Posted on Tue, Dec. 20, 2005
Heavy crowd, celebrities expected at Williams funeral service
LOS ANGELES - In the kind of funeral normally reserved for a dignitary, religious leaders and celebrities traveled to violence-wracked South Los Angeles to pay respects to the man who helped found a deadly street gang, then spent the years before his execution denouncing the gangster life.
Stanley Tookie Williams' funeral was scheduled for noon Tuesday, almost exactly a week after he was put to death for murdering four people during a pair of 1979 robberies. Williams, who in the 1970s co-founded the Crips gang not far from the church hosting his funeral, wrote from Death Row children's books warning against the gang life.
Those efforts attracted numerous supporters who lobbied frantically for clemency, arguing Williams had redeemed himself.
Among those expected to attend his funeral were the Rev. Jesse Jackson, who visited Williams shortly before his death, Nation of Islam Minister Louis Farrakhan and hip-hop artist Snoop Dogg.
The service was to include a five-minute video tribute by documentary filmmaker Jonathan Stack and speeches by motivational guru Tony Robbins and actor Jamie Foxx, who portrayed Williams in the TV movie "Redemption: The Stanley Tookie Williams Story."

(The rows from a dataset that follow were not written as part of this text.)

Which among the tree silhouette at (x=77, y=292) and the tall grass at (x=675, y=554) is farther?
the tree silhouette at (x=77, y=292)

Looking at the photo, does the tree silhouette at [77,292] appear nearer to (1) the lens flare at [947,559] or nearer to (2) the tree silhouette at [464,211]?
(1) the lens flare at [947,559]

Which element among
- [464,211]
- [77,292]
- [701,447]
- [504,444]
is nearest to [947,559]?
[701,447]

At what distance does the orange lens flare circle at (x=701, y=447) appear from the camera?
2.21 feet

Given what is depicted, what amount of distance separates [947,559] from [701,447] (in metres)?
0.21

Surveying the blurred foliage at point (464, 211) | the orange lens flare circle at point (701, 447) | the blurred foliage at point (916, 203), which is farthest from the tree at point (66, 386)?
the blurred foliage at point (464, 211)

"If they think they succeeded by killing him in getting people to forget about him, they have done just the opposite," Barbara Becnel, who collaborated with Williams on his books, said last week after his execution.
The service will be held at Bethel AME Church Los Angeles, which holds 1,500 people. An expected overflow crowd will be able to view the funeral on a large video screen outside, Becnel said. The service also will be broadcast on the Internet at http://www.savetookie.org
In accordance with his will, Williams' will not be buried - he will be cremated and his ashes scattered over South Africa in January, Becnel said.

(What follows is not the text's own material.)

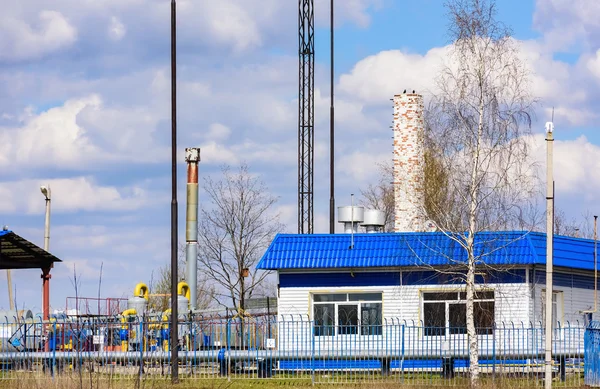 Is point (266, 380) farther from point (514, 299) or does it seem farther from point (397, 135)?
point (397, 135)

Few condemned inmates have generated so much public support - and so much post-execution attention.
In the case of the last man to death at San Quentin Prison before Williams, the state paid for Donald Beardslee to be cremated at a cost of about 0, according to California Department of Corrections spokesman Todd Slosek. A San Quentin spokesman said ashes typically are scattered in the Pacific Ocean off the Golden Gate.
It is not, however, the first time a condemned man in California has transfixed the public.
Rapist and kidnapper Caryl Whittier Chessman, who was executed in 1960, became a martyr for opponents of capital punishment and his 1954 autobiography, "Cell 2455, Death Row," sold a half-million copies in 18 languages. He also made the cover of Time magazine and counted among his celebrity supporters Marlon Brando, Brigitte Bardot and Albert Einstein.